Sayfalar

8 Eylül 2011

Kuzey Güney - Tuttum Bu Diziyi


7 Eylül günü ekranlarımızı şenlendiren Kuzey Güney'i pek bir sevdim efenim.. Nedenine gelecek olursam, her şeyi bir kenara bırakır ve sizlere Kıvanç Tatlıtuğ derim.. Hayır Kıvanç Tatlıtuğ hayranı değilim (tamam six pack'leri görünce bende de bir hareketlenme oluyor o bir gerçek),  onu her gördüğümde "kıvaaağğğğğnnnççç yeriiiiiiimmmm" nidalarıyla evi de inletmiyorum.. Hayır nefret de etmiyorum.. Kısacası kendisine karşı hiçbir duygu beslemiyorum.. Bu yüzden ben bu adamı izlerken hep objektif yaklaşabilmişimdir şimdiye kadar.. Ta Menekşe ile Halil'den beri beğenirim oyunculuğunu.. Mesela o dizide -ilk bölümüydü sanırım- Menekşe'nin evlendiğini görünce tuvalete kapanıp sinir krizi geçirdiği bir sahne vardı.. İşte orada bir "vaaayyy" demiştim kendisi için.. Oradaki karakteri çok naif biriydi, tatlı, sempatik, aşık falan.. Derken Aşk-ı Memnu'da tam bir zengin züppe olarak çıktı karşımıza.. Hatta tam bir "Behlül".. Amcasının karısına göz diken namıssız.. Herkesi inandırdı bu haline derken Ezel'de Sekiz olarak gösterdi kendini bu kez.. Aşk-ı Memnu sırasında yaptığı göbeğe yenilerini eklemiş, iyice hayvan gibi olmuştu..

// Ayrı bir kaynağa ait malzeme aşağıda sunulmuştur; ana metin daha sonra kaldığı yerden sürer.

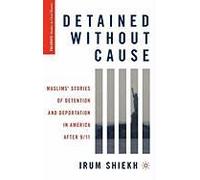 Detained Without Cause: Muslims' Stories Of Detention And Deportation In America After 9/11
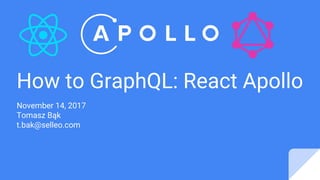 How to GraphQL: React Apollo
November 14, 2017
Tomasz Bąk
t.bak@selleo.com
 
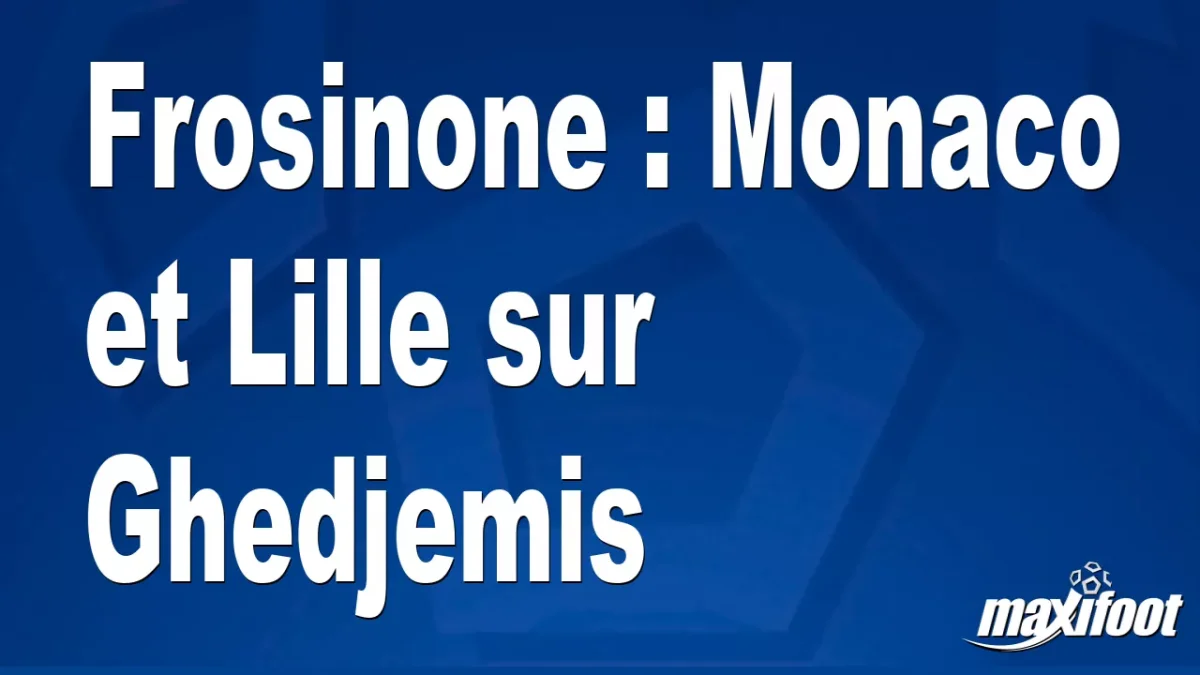 Mercato Frosinone : Monaco et Lille sur Ghedjemis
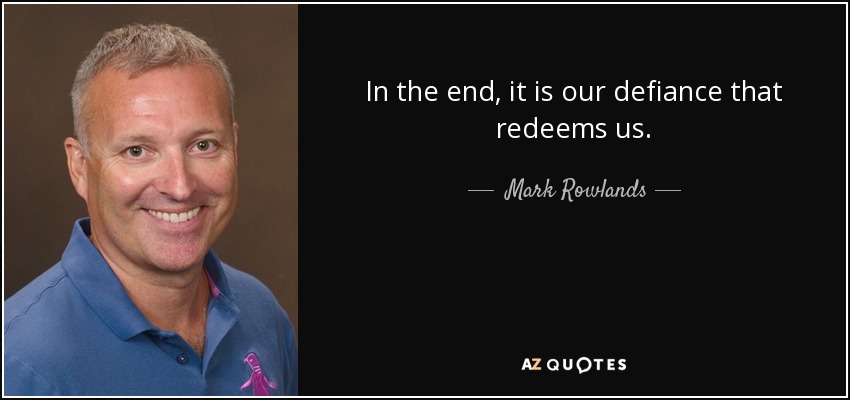 In the end, it is our defiance that redeems us. - Mark Rowlands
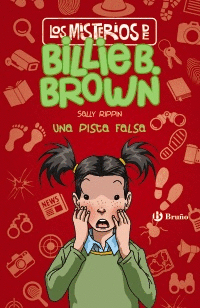 LOS MISTERIOS DE BILLIE B. BROWN. UNA PISTA FALSA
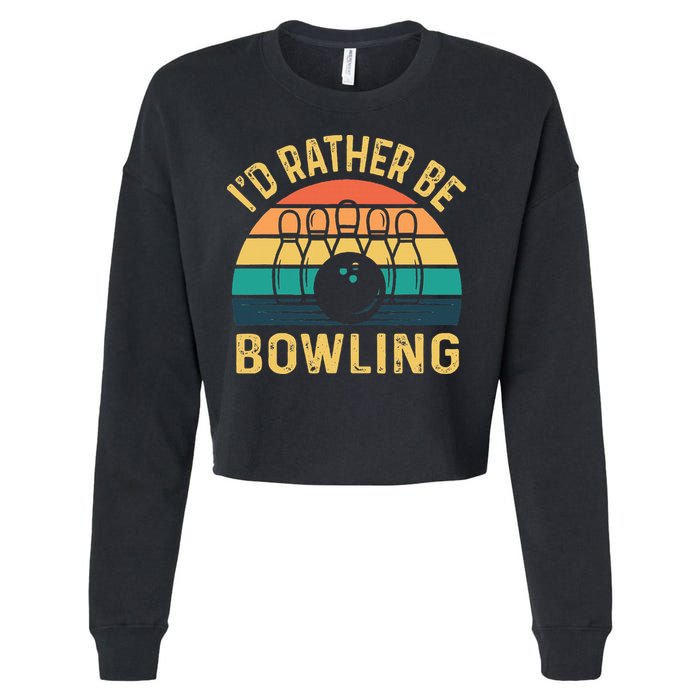 I'd Rather be Bowling retro for Man Woman & Toddler Bowling Cropped Pullover Crew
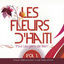 Cover Les fleurs d'haiti, vol. 1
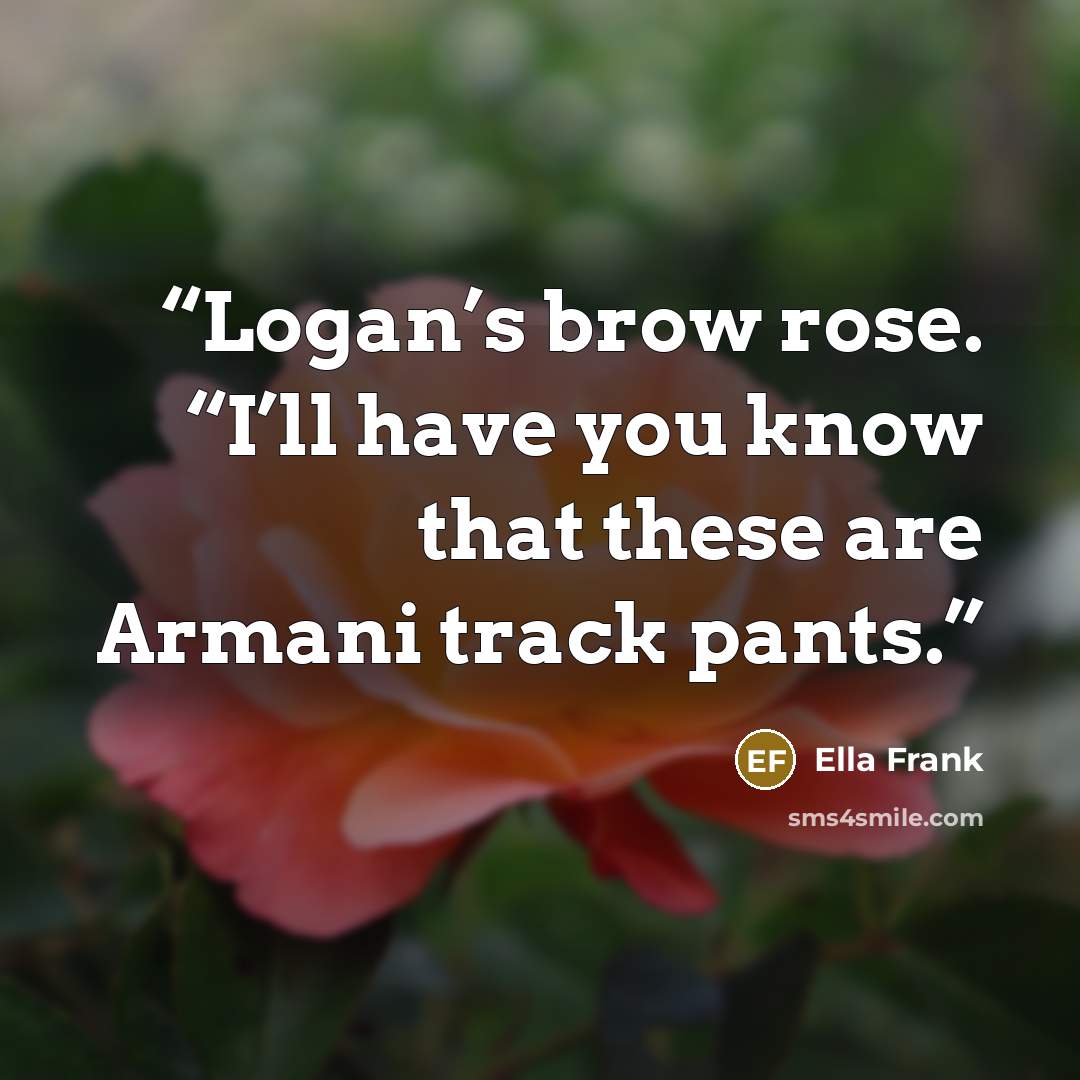 “Logan’s brow rose. “I’ll have you know that these are Armani track pants.” quote by Ella Frank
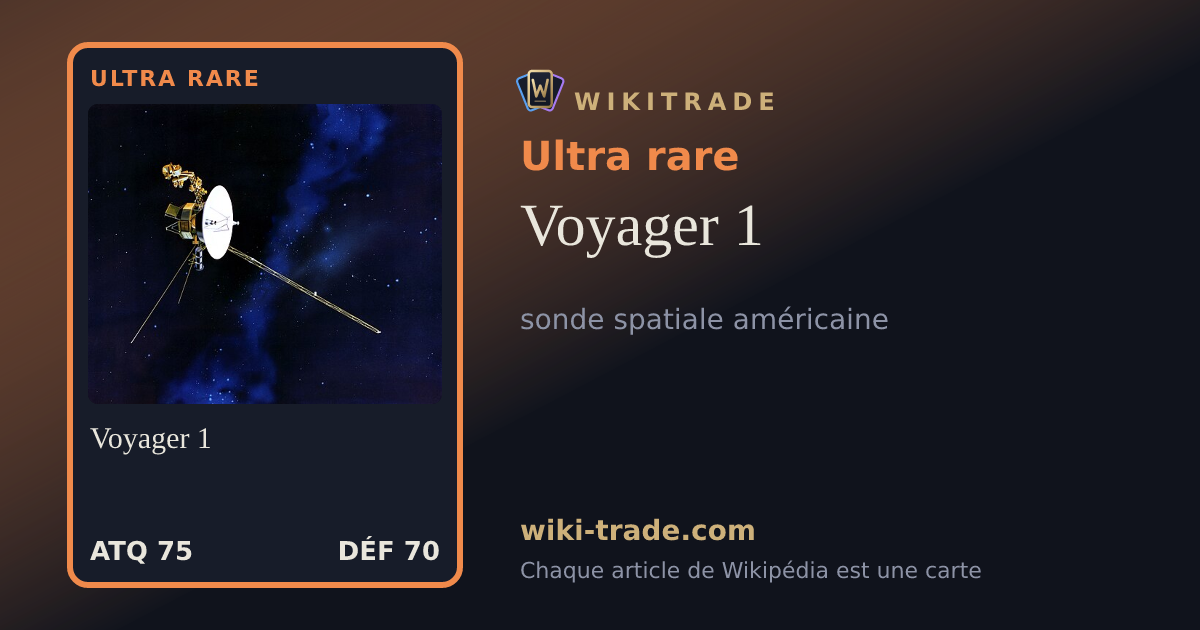 Voyager 1 — carte Ultra rare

Sekiz rolünde en beğendiğim performansı, bir sokak arasında Ezel'le karşı karşıya kaldığı sahnedir.. Orada Ezel'e doğru koşar koşar ve uçarak tokadı patlatır.. Tam bir saykoydu orada kendileri ve hakkını da vermişti doğrusu.. Ama Kuzey Güney, Kıvanç Tatlıtuğ'un şimdiye kadar ki en iyi performansı bana göre.. Dizi bitene kadar ağzım açık izledim resmen.. Deli gibi çalıştın mı naptın bilmiyorum ama helal olsun valla.. Bundan sonra kimse bu adam için manken falan demesin arkadaş.. Hayır yani büyük hakaret..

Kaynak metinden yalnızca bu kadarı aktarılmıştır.